Designing Pools and Beautiful Outdoor Spaces: A Pool Blog

Stoned To Depth: Three Natural Stones Suitable For Your Inground Pool Deck

A well-built pool deck can provide a real air of class and luxury to even the most modest of inground pools, and they are made from a wide variety of materials ranging from rich hardwoods to durable plastic polymers. For a really distinctive and sophisticated deck, however, its hard to beat the monolithic splendour of natural stone. 

However, not just any old rock will do for deck building. Choosing a good natural stone deck means choosing the right stone to make it from, and an ideal stone for deck making should be durable, weather-resistant and perhaps most importantly, non-slip. Luckily, there are a wide array of natural stones that are thoroughly suited to these purposes.

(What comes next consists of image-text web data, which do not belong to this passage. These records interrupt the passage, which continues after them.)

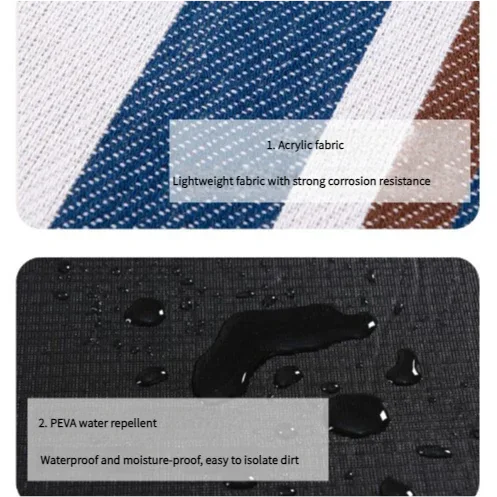 Waterproof Foldable Picnic Blanket with Handle - 2x2m Mocha Blue - Mekamart Australia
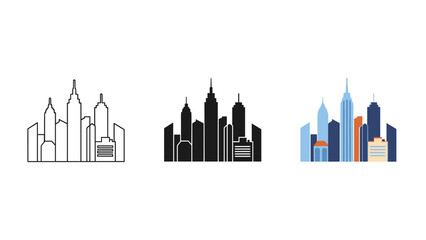 Obraz premium vector illustration of city skyline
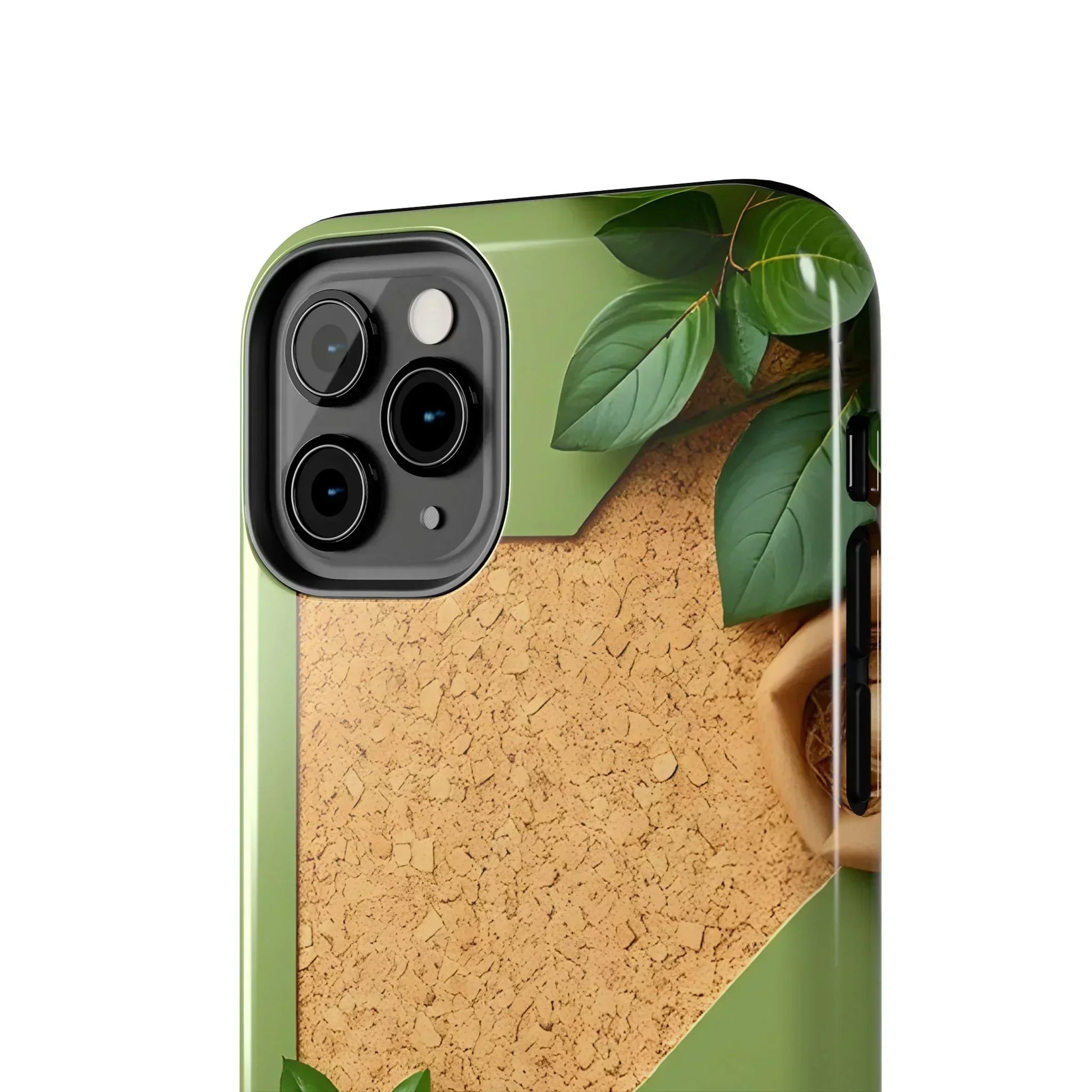 Eco-Inspired Tough Phone Case – Cork Texture with Leaf & Seed Design for iPhone 7-16 and Samsung Galaxy S21-S24 - KarArmDesign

A rigid metamorphic stone, state comes in a variety of colours and shades, and is non-reactive when coming into contact with either pool cleaning compounds or the salt in saltwater pools. It is also very durable, and does not wear out easily under even intense foot traffic. Slate is also relatively easy to install, especially when using large slate tiles or flagstones.

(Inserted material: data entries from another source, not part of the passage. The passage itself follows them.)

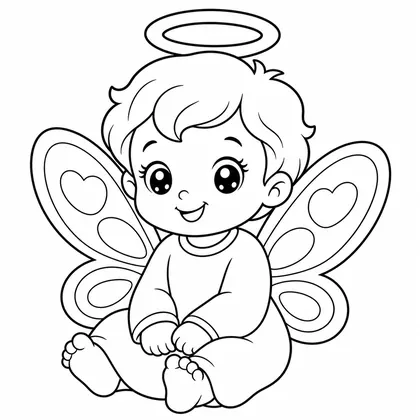 Dibujo de dos ángeles en una nube para colorear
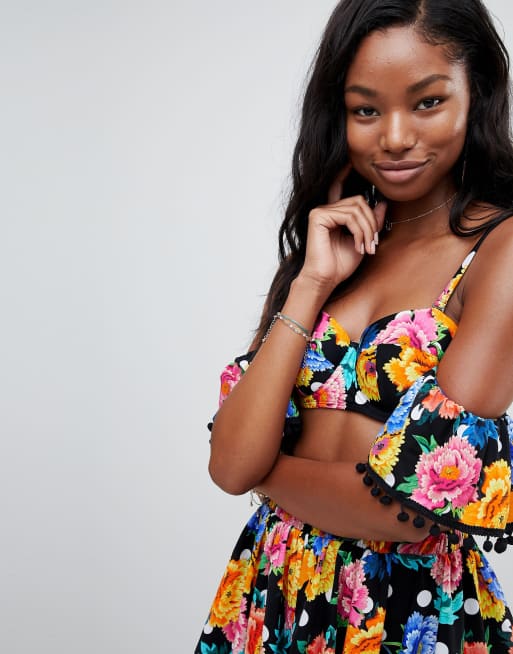 ASOS DESIGN Spot Floral Print Pom Pom Bardot Plunge Bikini Top ASOS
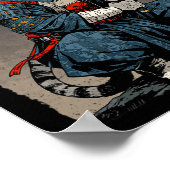 Samurai Cat Japanischer Retro-Kämpfer Cat Moon Uki Poster (Ecke)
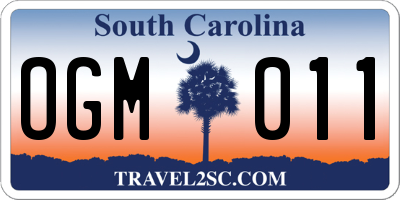 SC license plate OGM011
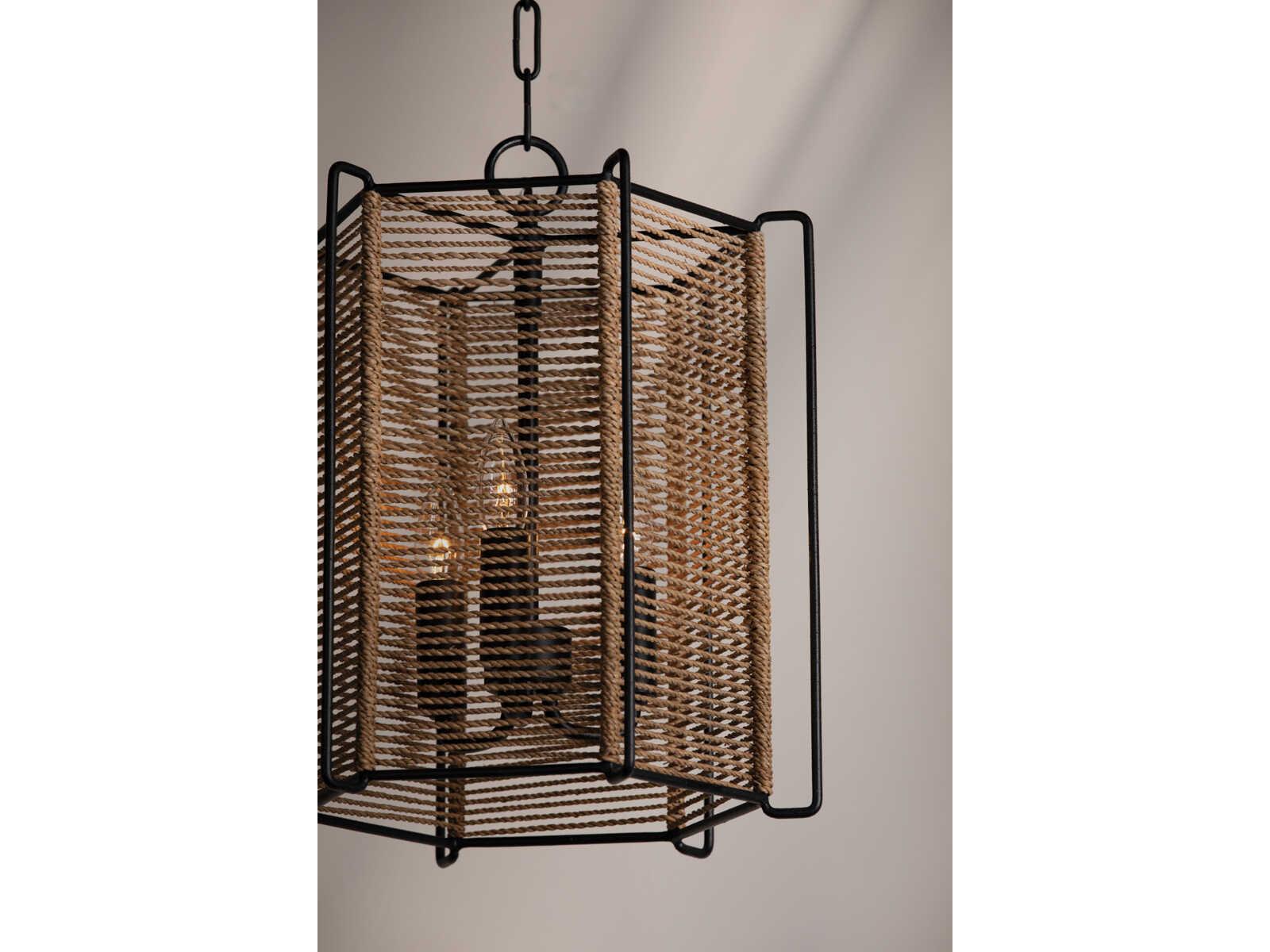 Troy Lighting Ramon 3-Light Textured Black Pendant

However, slate is not a low maintenance material, and will require frequently cleaning to remove deposits of dirt and grime that build up in the rough, textured surface of a slate deck. Sanding your tiles smooth to prevent this problem is inadvisable, as smooth slate becomes abominably slippery when wet. Slate is also prone to scratching, particularly in darker shades, and while the stone is tough it is also somewhat brittle and may crack under heavy impacts.

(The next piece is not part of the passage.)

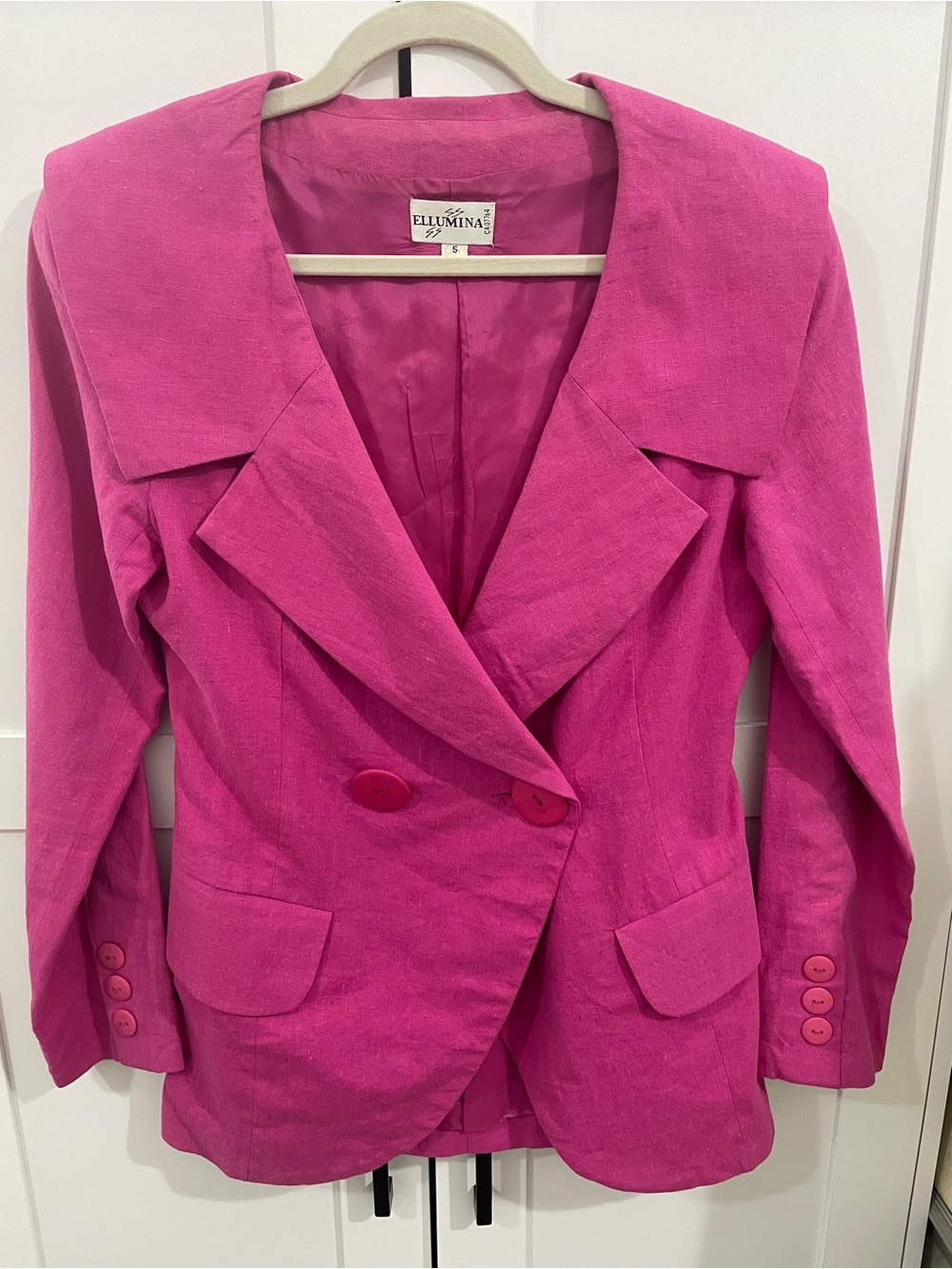 Ellumina Vintage Hot Pink Linen Cotton Blazer Women’s 5 Statement Collar Jacket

Limestone is a sedimentary rock frequently used for pool decks because of its excellent non-slip properties -- unglazed limestone tiles and flagstones have a finely textured surface providing excellent traction, and the porous nature of limestone eliminates problems with standing water. Limestone is also valued for its versatilty, and is available in a wide variety of colours and patterns. Limestone is also very easy to cut and work, allowing for a huge range of tile shapes and designs. Specific types of limestone are particularly valued, such as travertine, a textured and decoratively patterned form of limestone created by hot springs.

However, limestone is not as inert as some other stone options, and is particularly vulnerable to acid rain which can corrode the surface of a limestone deck and cause unsightly pitting. Similar corrosion can be caused by salt or chlorine, so your limestone will need to be sealed to protect it. This seal must be renewed periodically, and can slightly increase slipperiness.


The lard word in durability, granite pool decks are immensely tough and will probably last longer than the pool does. As granite is a porous volcanic rock it also has a high-traction surface that does not become slippery when wet, and a wide variety of granite shades can be found to match almost any design palette. Granite is also superbly resistant to weather damage and erosion.

However, granite is a difficult material that required professional skill to work, and has natural seams that can make complex shape cutting extremely difficult. As a result, granite that is not cut into standard quadrilateral tiles and flagstones can be difficult to find. Granite is also extremely heavy, making installation difficult and often expensive.